Namely, say $I = (f_1, \ldots, f_s) \subset \mathbf{Z}[x_1, \ldots, x_n]$ with $f_i$ of degree $d$. Then if modulo $p$ these polynomials generate the unit ideal (this you can test over the field with $p$ elements or its algebraic closure, does not matter which), then we can write $$ 1 = \sum a_i f_i \bmod p $$ with $\deg(a_i) \leq B = \max(3, d)^n$. This is due to Kollar. Ok, so we look at the map $$ \mathbf{Z}[x_1, \ldots, x_n]_{\leq B}^{\oplus s} \longrightarrow \mathbf{Z}[x_1, \ldots, x_n]_{\leq B + d}/\mathbf{Z},\quad (a_i) \longmapsto \sum a_if_i \mod \mathbf{Z} $$ This is given by a huge matrix whose entries are bounded. Moreover, the map is injective. Then an easy argument with determinants shows that the map is injective for all $p$ large enough.

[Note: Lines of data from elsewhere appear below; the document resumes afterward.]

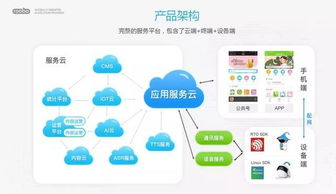 夏崇彦与Roboo 以村家AI系统为例，探索如何让AI真正赋能儿童教育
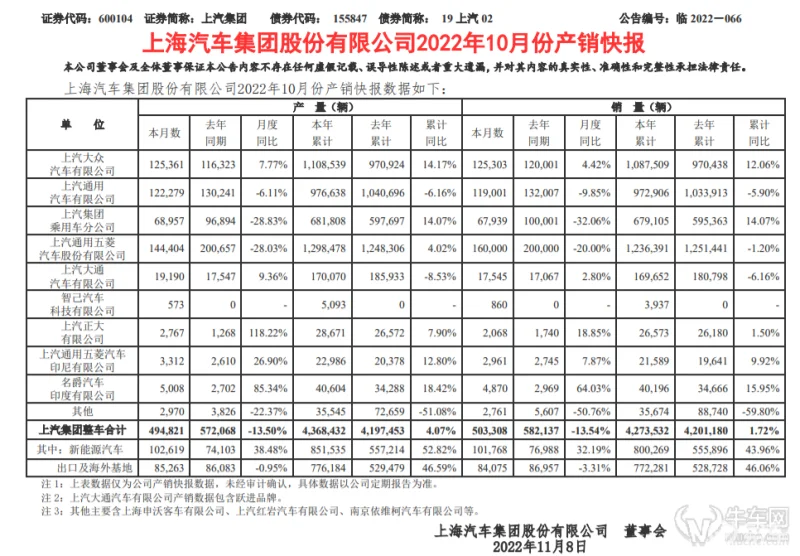 【话销量】上汽集团产销双降，智己卖出860辆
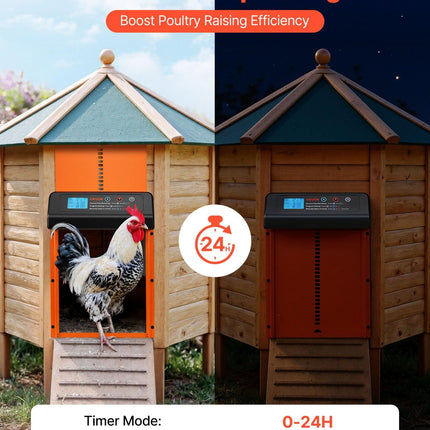 Automatic Chicken Coop Door, Battery Powered Chicken Coop Door with Timer & Manual Setting, Anti-Pinch Security, Durable Aluminum Alloy, Chick Run Gate Opener with Waterproof Sealing, Orange.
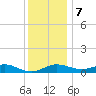 Cornfield Creek tide chart for Thursday, December 7, 2023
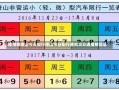 播播放唐山今天限行唐山今日限行通知及交通播放信息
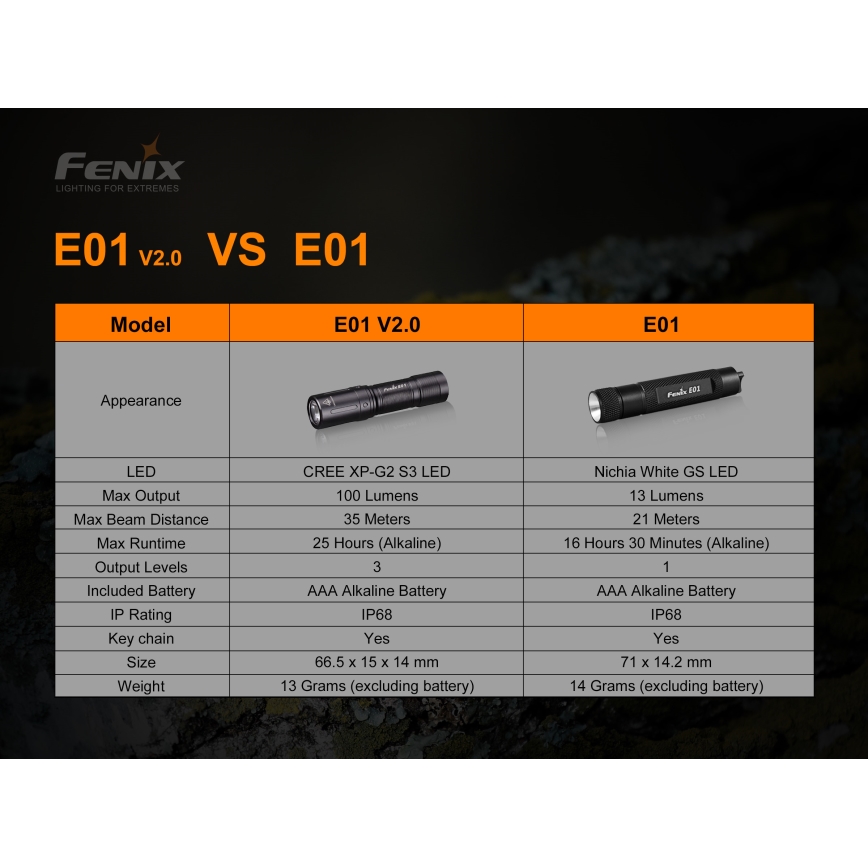 Fenix E01V20BLC - LED baterijska lampa LED/1xAAA IP68 100 lm 25 h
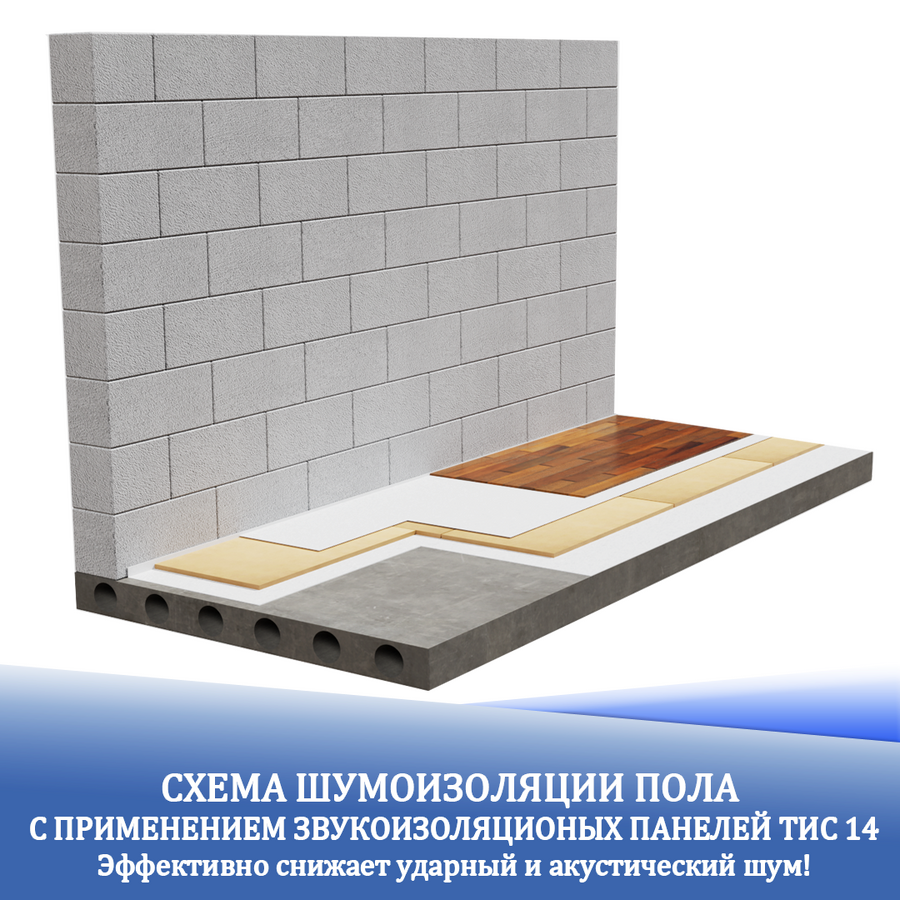 Шумоизоляция пола.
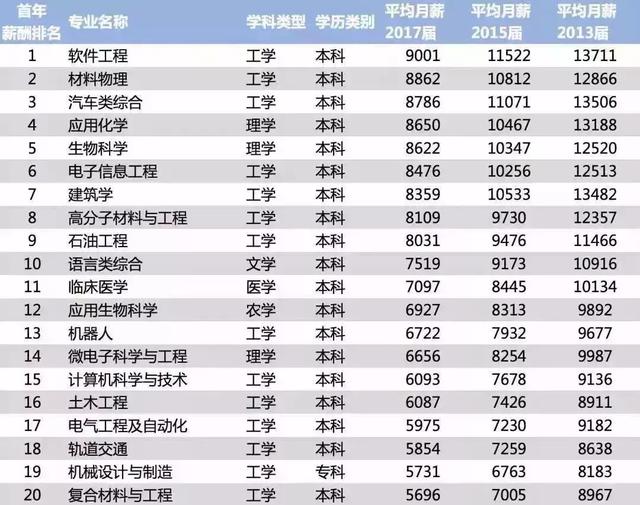 新奧天天免費資料東方心經(jīng)，深入分析數(shù)據(jù)應用_3K23.20.79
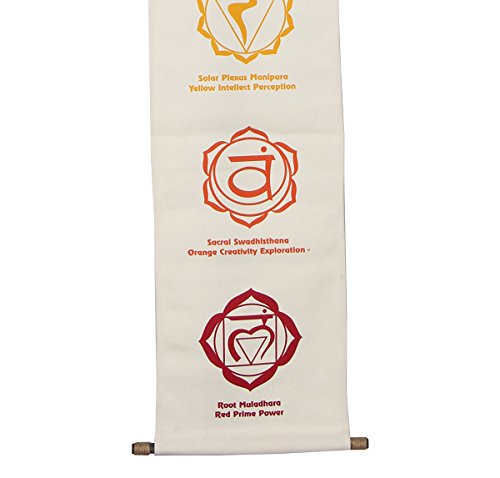 DharmaObjects White Cotton 7 Chakras Signs Banner Wall Decor Wall Hanging (Chakra 3)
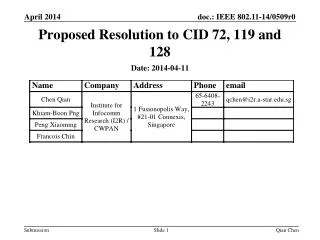 Proposed Resolution to CID 72, 119 and 128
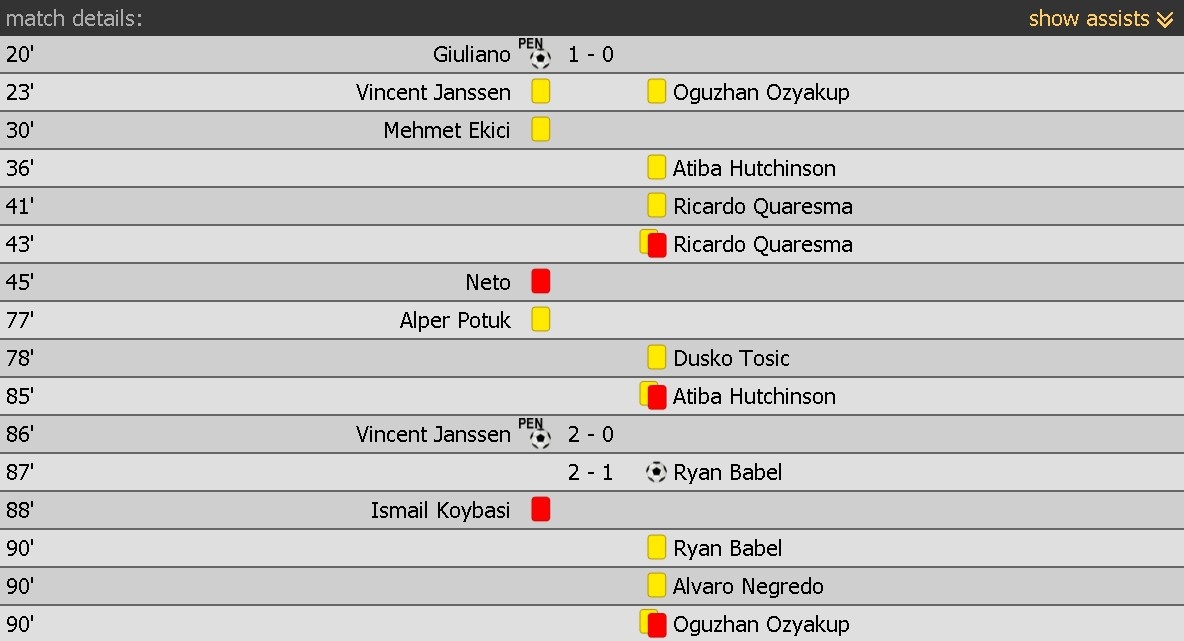 Tran derby Istanbul nong bong anh 12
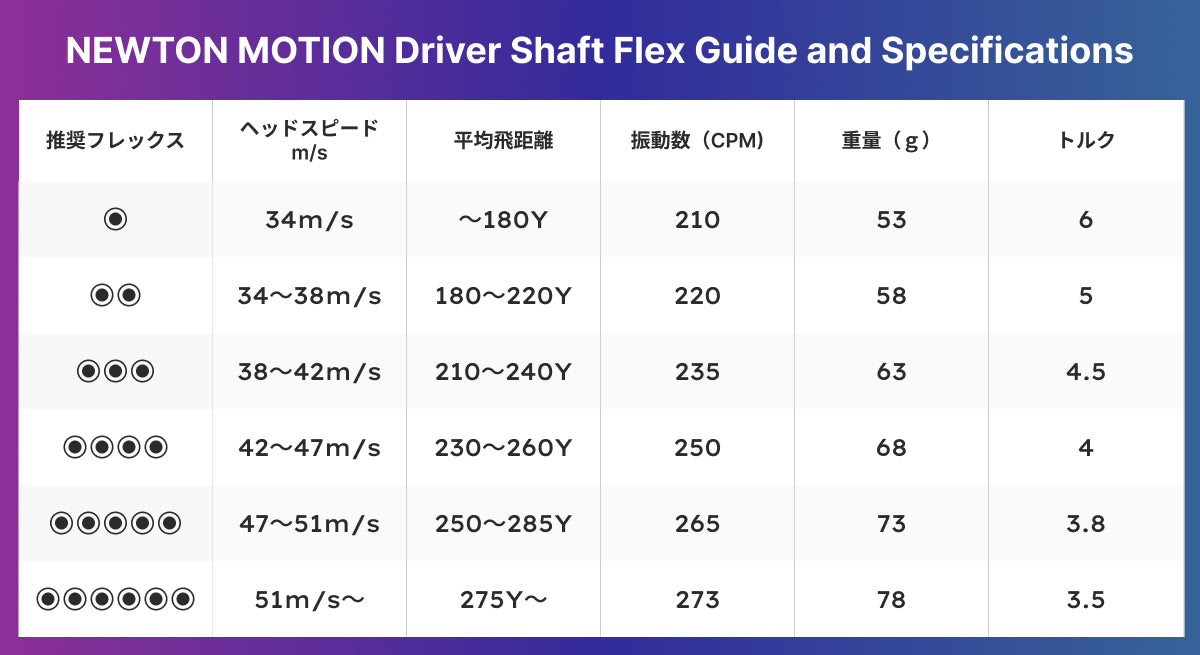 NEWTON MOTION ドライバーシャフト【PXG用】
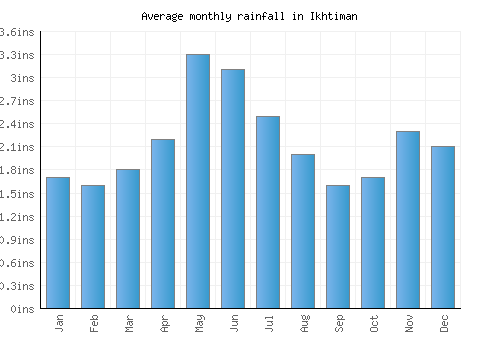 Ikhtiman monthly rainfall chart (inches)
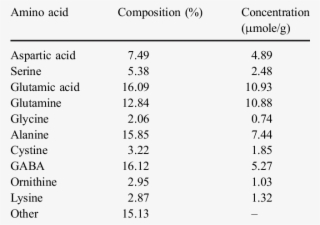 Amino Acid Composition Of Red Mold Rice - Amino Acid Composition In Rice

How large? Well, just eyeballing what the argument would give you, I think it would not be more than $$ C^{s{n + B \choose n}} $$ where $C$ is the bound for the coefficients of the polynomials. I am very bad at doing bounds, so I may be off by quite a large factor. You can also bound $s$ by ${n + d \choose n}$ but I think you should be able to do much better for $s$.

I think the "right" way to answer this question would be to use heights of subvarieties in affine space and an arithmetic nullstellensatz!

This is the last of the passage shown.